Because our experiment by design entailed repeated presentations of the same speech stimuli, we performed a split-halves analysis to ensure that the effects that we observed were not caused by the participants' increased familiarity with the material. We found no difference in the magnitude of speech tracking (quantified by the stimulus–response cross-correlation) between early and late trials for the BHA tracking of auditory speech at auditory-responsive sites (paired t test: t(185) = −0.1985, p = 0.9628) or for the tracking of visual speech by either low-frequency phase (t(25) = 0.8403, p = 0.4087) or low-frequency power (t(27) = −0.2581, p = 0.7983). We also did not find any difference in behavioral performance for the early versus late trials (A: t(8) = 1.0000, p = 0.3466; AV: t(8) = 0.2294, p = 0.8243; V: t(8) = −1.8521, p = 0.1012). This suggests that increased familiarity with the speech stimuli did not significantly affect their cortical tracking.

Discussion

Both phase-entrained low-frequency activity and fluctuations in broadband high-frequency activity in auditory cortex track the temporal dynamics of auditory speech (Ding and Simon, 2014). Previous neurophysiological studies have shown that the visual component of audiovisual speech influences cerebral activity, mostly in visual areas, but also in the cortical network that processes auditory speech, which includes superior temporal, inferior frontal, and sensorimotor areas (Luo et al., 2010; Zion Golumbic et al., 2013b; Crosse et al., 2015, 2016; O'Sullivan et al., 2016; Park et al., 2016, 2018; Giordano et al., 2017; Ozker et al., 2018; Micheli et al., 2020). Collectively, these studies have demonstrated that auditory cortical dynamics are sensitive to visual speech but were not able to identify the underlying mechanisms.

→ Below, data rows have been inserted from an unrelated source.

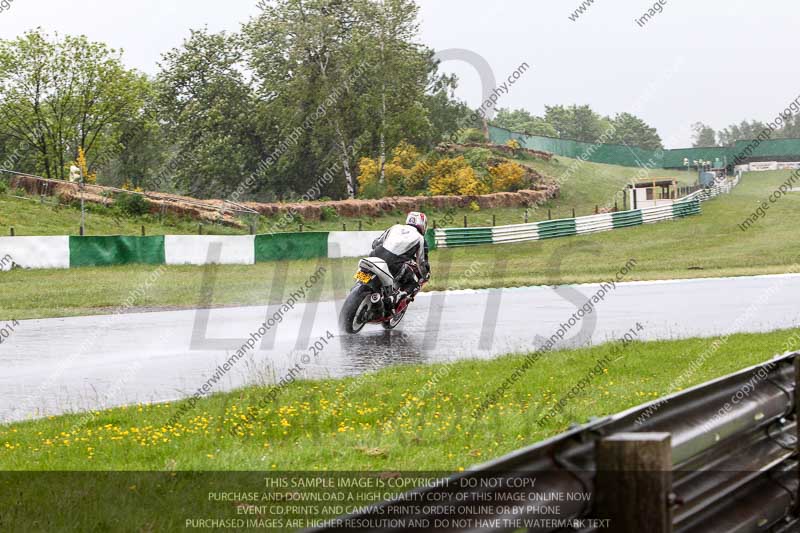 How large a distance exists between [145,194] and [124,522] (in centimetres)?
4646

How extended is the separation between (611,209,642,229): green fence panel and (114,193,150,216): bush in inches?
941

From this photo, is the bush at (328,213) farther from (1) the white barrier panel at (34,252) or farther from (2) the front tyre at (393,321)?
(2) the front tyre at (393,321)

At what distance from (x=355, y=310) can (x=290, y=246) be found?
18862mm

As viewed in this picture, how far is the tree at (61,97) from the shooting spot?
6612 centimetres

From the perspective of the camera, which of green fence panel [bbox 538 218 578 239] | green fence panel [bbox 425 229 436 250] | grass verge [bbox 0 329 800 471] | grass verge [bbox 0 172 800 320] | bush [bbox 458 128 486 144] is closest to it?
grass verge [bbox 0 329 800 471]

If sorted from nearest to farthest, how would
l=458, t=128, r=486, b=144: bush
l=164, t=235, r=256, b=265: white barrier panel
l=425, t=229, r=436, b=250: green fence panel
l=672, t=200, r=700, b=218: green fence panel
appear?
l=164, t=235, r=256, b=265: white barrier panel → l=425, t=229, r=436, b=250: green fence panel → l=672, t=200, r=700, b=218: green fence panel → l=458, t=128, r=486, b=144: bush

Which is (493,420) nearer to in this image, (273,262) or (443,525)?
(443,525)

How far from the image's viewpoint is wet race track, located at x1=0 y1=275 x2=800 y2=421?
1158 centimetres

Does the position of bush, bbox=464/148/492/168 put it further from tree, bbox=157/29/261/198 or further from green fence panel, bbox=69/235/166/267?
green fence panel, bbox=69/235/166/267

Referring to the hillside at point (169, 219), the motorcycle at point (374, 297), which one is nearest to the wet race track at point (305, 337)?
the motorcycle at point (374, 297)

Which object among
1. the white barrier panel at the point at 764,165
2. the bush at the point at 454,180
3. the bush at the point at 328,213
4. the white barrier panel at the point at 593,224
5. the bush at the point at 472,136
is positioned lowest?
the white barrier panel at the point at 593,224

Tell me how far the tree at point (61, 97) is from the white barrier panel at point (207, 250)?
3914cm

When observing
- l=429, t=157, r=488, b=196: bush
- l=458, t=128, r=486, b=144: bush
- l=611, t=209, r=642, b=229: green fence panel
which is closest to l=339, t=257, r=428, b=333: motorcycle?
l=611, t=209, r=642, b=229: green fence panel

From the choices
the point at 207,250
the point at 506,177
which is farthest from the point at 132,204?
the point at 506,177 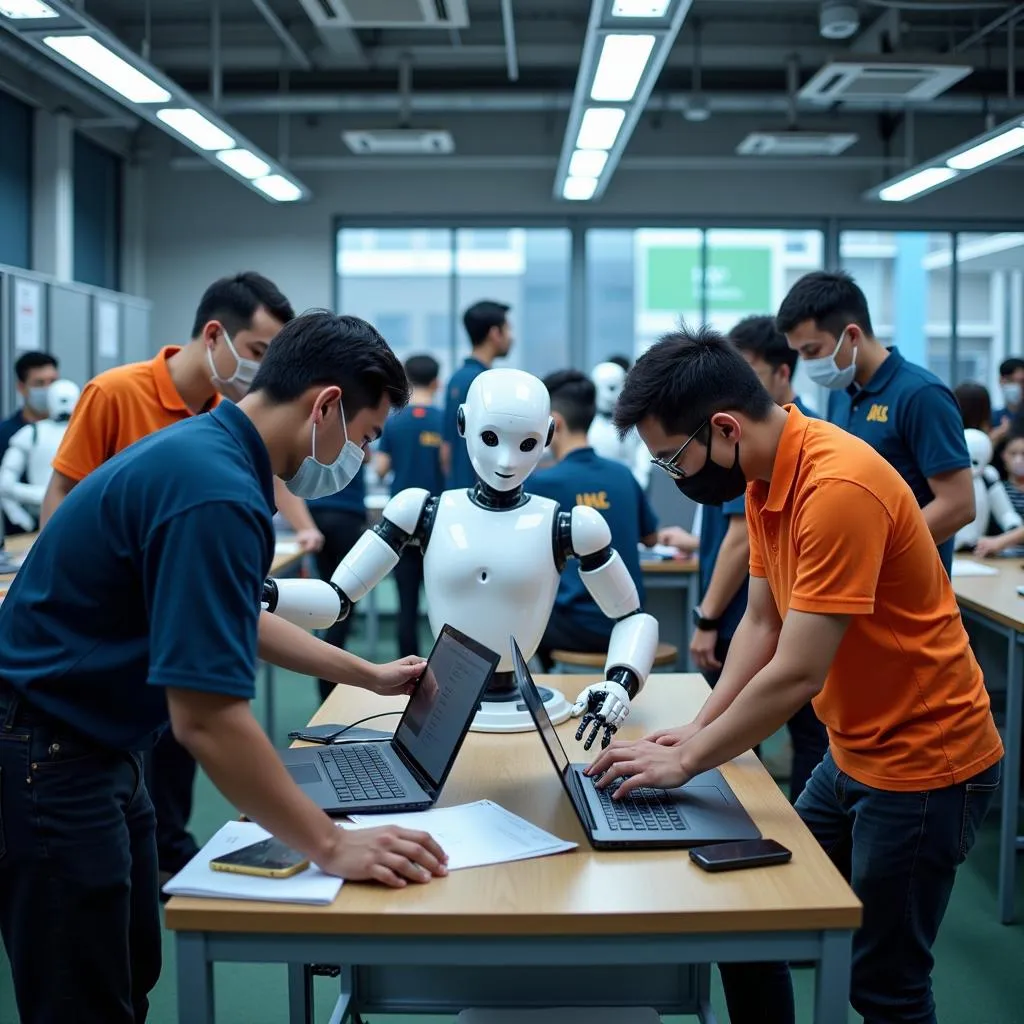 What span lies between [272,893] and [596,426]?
392 cm

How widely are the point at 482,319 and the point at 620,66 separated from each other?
3.66 feet

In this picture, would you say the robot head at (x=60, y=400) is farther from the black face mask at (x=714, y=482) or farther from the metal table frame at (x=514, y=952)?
the metal table frame at (x=514, y=952)

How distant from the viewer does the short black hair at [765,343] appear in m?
3.13

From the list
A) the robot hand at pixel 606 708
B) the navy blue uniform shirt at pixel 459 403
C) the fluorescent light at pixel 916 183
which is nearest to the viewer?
the robot hand at pixel 606 708

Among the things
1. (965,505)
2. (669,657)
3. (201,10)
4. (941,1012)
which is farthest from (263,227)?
(941,1012)

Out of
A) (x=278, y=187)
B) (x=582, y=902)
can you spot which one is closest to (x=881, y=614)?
(x=582, y=902)

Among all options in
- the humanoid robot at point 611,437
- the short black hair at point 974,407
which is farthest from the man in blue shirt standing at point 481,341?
the short black hair at point 974,407

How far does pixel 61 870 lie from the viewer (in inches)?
53.5

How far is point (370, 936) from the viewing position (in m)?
1.22

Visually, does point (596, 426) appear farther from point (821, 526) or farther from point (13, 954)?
point (13, 954)

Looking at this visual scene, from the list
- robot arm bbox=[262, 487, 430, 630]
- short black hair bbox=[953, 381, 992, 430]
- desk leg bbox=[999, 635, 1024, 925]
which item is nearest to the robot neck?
robot arm bbox=[262, 487, 430, 630]

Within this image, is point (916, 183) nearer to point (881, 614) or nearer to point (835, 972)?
point (881, 614)

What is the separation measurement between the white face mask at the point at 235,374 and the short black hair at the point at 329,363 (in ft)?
3.80

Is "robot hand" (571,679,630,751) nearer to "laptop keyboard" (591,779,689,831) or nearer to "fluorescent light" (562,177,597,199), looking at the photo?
"laptop keyboard" (591,779,689,831) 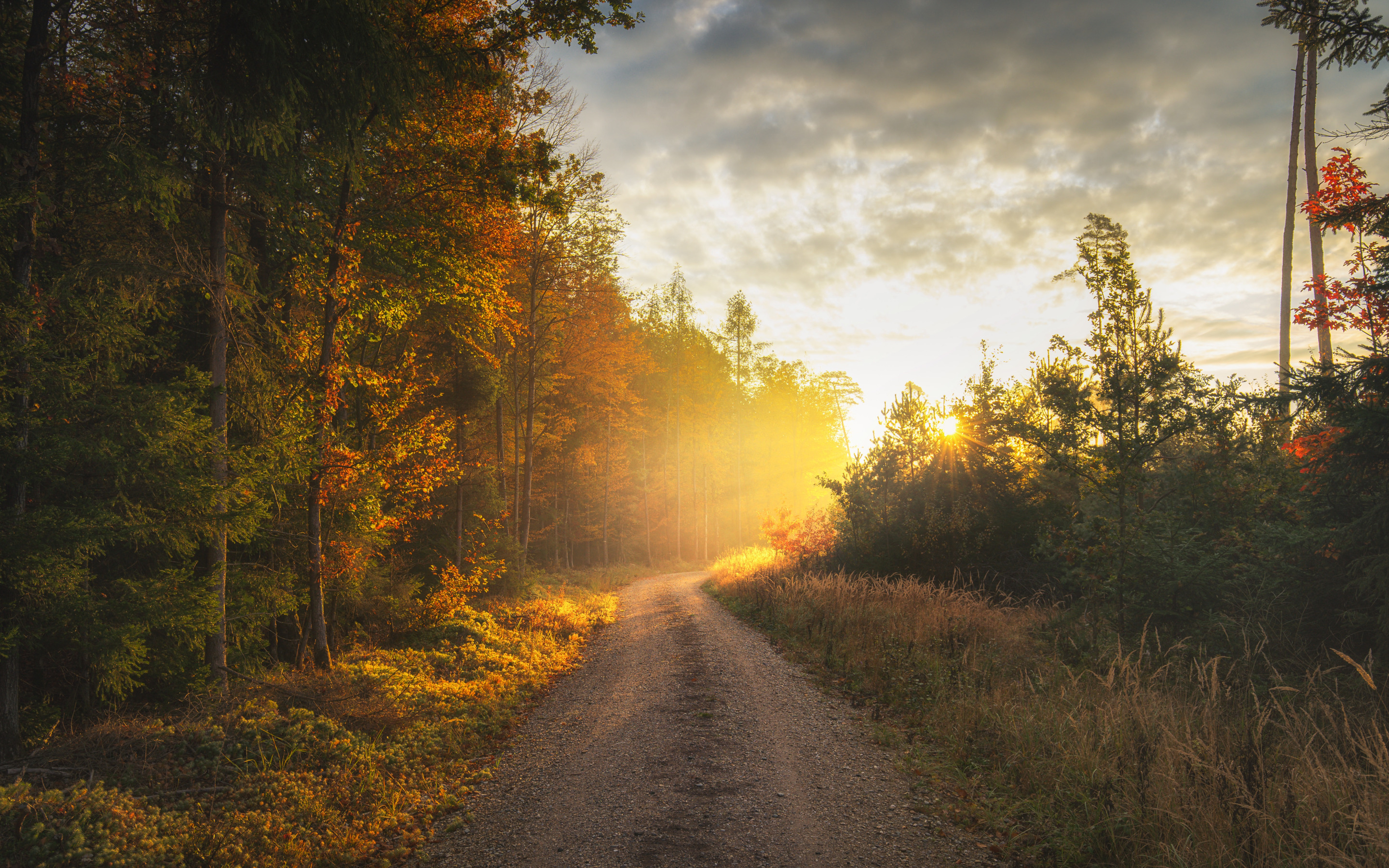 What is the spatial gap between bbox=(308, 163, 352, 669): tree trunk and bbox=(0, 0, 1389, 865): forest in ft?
0.21

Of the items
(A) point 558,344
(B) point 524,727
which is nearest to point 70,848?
(B) point 524,727

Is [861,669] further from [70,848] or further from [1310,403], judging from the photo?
[70,848]

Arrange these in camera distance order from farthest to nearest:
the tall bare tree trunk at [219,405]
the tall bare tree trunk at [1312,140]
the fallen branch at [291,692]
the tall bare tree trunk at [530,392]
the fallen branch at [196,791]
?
the tall bare tree trunk at [530,392], the tall bare tree trunk at [1312,140], the tall bare tree trunk at [219,405], the fallen branch at [291,692], the fallen branch at [196,791]

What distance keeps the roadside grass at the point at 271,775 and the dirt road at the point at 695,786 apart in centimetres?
55

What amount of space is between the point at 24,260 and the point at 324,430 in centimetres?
356

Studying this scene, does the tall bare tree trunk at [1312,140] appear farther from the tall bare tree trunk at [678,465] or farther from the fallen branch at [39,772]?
the tall bare tree trunk at [678,465]

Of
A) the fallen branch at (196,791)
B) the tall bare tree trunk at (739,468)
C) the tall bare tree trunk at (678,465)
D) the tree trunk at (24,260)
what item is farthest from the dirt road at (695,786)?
A: the tall bare tree trunk at (739,468)

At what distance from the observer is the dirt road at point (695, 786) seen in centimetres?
440

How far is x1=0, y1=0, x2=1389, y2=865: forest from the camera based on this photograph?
5.11 meters

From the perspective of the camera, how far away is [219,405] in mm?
7578

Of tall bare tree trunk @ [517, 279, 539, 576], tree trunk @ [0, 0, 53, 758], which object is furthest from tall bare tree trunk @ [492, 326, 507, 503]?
tree trunk @ [0, 0, 53, 758]

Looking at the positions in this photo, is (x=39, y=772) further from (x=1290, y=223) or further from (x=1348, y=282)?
(x=1290, y=223)

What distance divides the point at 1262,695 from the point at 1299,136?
1567 centimetres

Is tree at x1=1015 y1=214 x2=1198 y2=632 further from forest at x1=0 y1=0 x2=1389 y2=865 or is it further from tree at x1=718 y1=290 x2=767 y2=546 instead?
tree at x1=718 y1=290 x2=767 y2=546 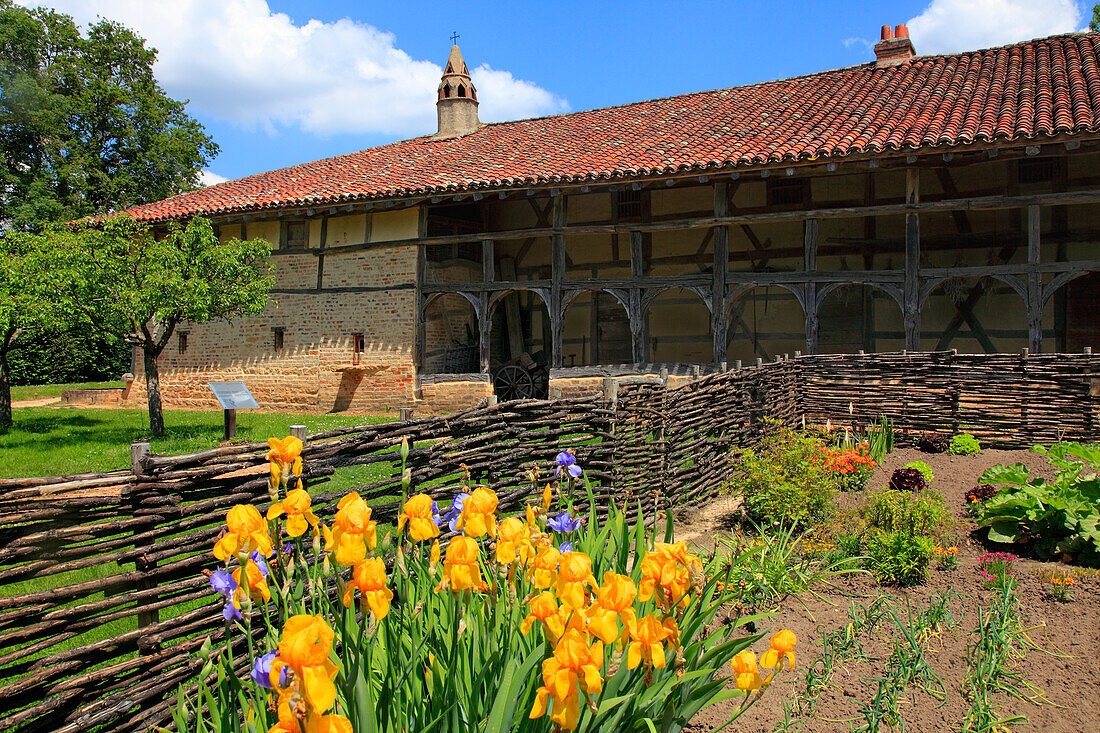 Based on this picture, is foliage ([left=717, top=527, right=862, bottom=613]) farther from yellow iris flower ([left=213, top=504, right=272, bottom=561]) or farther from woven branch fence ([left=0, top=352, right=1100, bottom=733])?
yellow iris flower ([left=213, top=504, right=272, bottom=561])

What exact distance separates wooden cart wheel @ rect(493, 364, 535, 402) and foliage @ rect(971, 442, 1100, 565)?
1156cm

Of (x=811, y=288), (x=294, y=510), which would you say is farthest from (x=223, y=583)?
(x=811, y=288)

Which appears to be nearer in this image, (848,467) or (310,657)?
(310,657)

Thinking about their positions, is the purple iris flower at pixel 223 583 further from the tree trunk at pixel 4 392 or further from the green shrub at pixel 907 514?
the tree trunk at pixel 4 392

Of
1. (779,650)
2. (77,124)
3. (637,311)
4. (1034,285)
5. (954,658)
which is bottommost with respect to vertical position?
(954,658)

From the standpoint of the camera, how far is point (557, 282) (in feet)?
48.2

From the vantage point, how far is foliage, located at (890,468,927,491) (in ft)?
20.7

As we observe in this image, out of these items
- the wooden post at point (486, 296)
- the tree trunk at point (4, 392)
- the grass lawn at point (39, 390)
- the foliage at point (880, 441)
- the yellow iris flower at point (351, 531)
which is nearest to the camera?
the yellow iris flower at point (351, 531)

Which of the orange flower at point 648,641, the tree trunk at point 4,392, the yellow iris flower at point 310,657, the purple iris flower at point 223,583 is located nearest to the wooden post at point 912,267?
the orange flower at point 648,641

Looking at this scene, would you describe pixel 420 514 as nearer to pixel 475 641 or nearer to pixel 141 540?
pixel 475 641

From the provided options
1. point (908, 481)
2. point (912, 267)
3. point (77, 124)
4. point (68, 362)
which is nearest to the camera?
point (908, 481)

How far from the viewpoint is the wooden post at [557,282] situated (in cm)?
1466

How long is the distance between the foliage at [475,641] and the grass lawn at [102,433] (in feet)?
24.5

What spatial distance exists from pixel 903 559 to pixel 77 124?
33.5 m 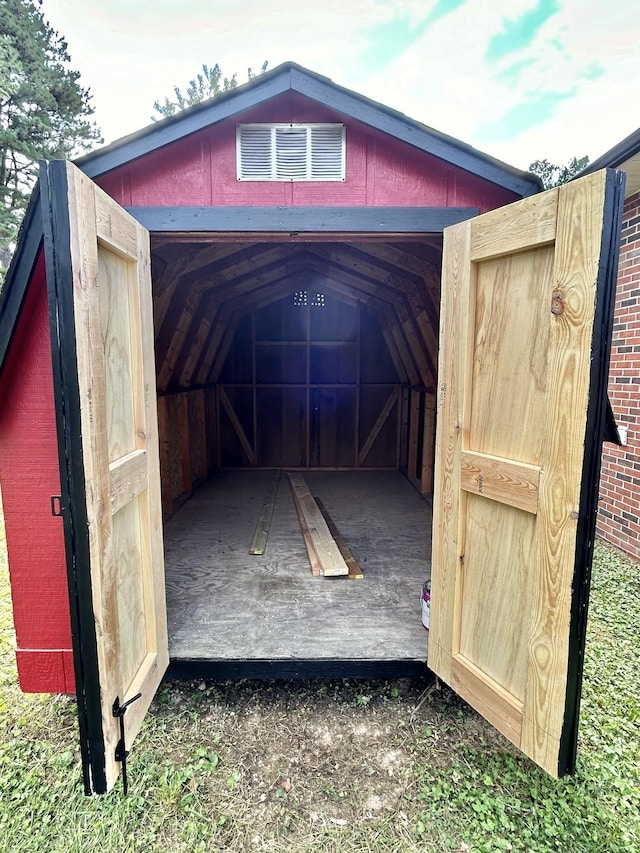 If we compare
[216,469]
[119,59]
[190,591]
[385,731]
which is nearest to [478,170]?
[385,731]

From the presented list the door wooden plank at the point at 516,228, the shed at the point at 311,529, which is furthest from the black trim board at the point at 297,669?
the door wooden plank at the point at 516,228

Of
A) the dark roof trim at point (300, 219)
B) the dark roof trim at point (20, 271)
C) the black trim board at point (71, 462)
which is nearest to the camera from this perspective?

Here, we used iEEG recordings for a more direct examination of these mechanisms. Within the cortical network that responds to auditory speech, tracking by low-frequency phase was enhanced by audiovisual compared with auditory stimulation, while the opposite was true for tracking by low-frequency power fluctuations. This dissociation is incompatible with the notion that the enhancement of phase tracking in the audiovisual condition is simply an artifact of increased evoked response power. Rather, it suggests that two complementary mechanisms may be operating. The first, visual phase reset-induced enhancement of cortical responses to auditory speech, seems to best account for the well known perceptual enhancement of auditory speech by concomitant visual cues (Sumby and Pollack, 1954), since both phase tracking and intelligibility are improved in response to audiovisual speech over auditory speech alone. The second mechanism, a visual speech-mediated reduction of evoked responses in auditory cortices, is in line with previous observations that neurophysiological responses to audiovisual stimuli in both auditory and visual cortex are generally smaller than those to the preferred modality stimulus alone (Besle et al., 2008; Mercier et al., 2013, 2015; Schepers et al., 2015). The paradox that a reduction in response amplitude accompanies the perceptual enhancement afforded by audiovisual speech can be reconciled when one considers that the audiovisual stimuli used here and in the above-mentioned studies were well above threshold as well as congruent. Work in monkeys revealed that the information gain from congruent audiovisual input, compared with auditory input alone, resulted in an increase in the temporal precision of firing by auditory neurons, together with a reduction in the total number of action potentials fired (Kayser et al., 2010). Similarly, we interpret our observation of improved phase tracking and reduced response amplitude as evidence for more efficient and reliable cortical processing of congruent audiovisual speech.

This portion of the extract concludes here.